Apart from the pictures, return every line of the listing exactly.

Supplied data
______

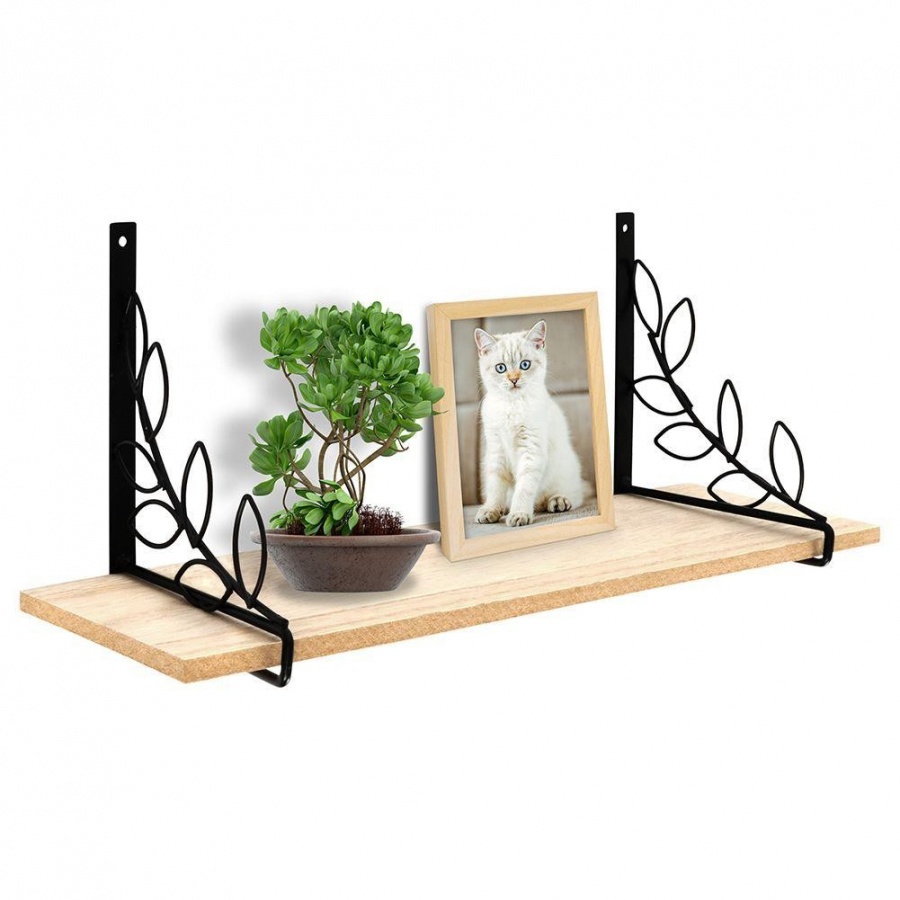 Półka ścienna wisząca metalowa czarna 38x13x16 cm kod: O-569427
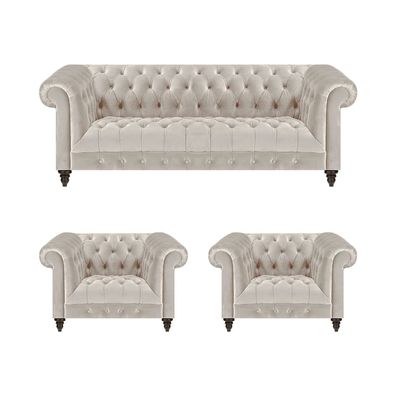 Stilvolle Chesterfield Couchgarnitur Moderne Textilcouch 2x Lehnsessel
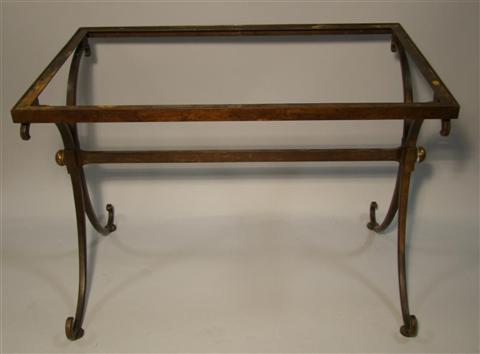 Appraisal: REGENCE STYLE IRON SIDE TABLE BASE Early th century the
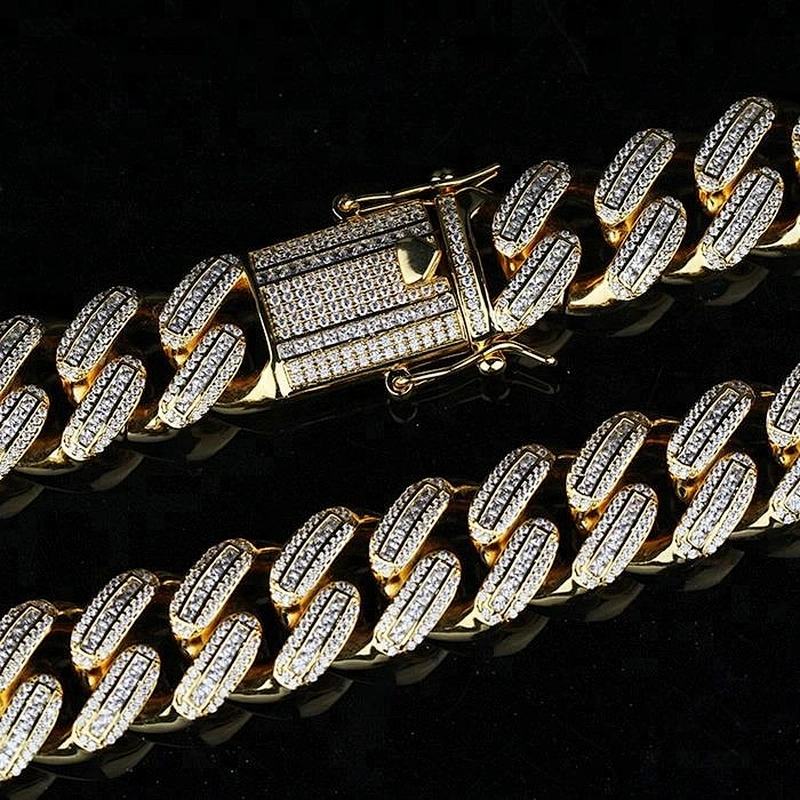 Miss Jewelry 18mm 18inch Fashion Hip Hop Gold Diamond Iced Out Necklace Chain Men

______

Response area
 Półka ścienna wisząca metalowa czarna 38x13x16 cm kod: O-569427
 Stilvolle Chesterfield Couchgarnitur Moderne Textilcouch 2x Lehnsessel
 Appraisal: REGENCE STYLE IRON SIDE TABLE BASE Early th century the
 Miss Jewelry 18mm 18inch Fashion Hip Hop Gold Diamond Iced Out Necklace Chain Men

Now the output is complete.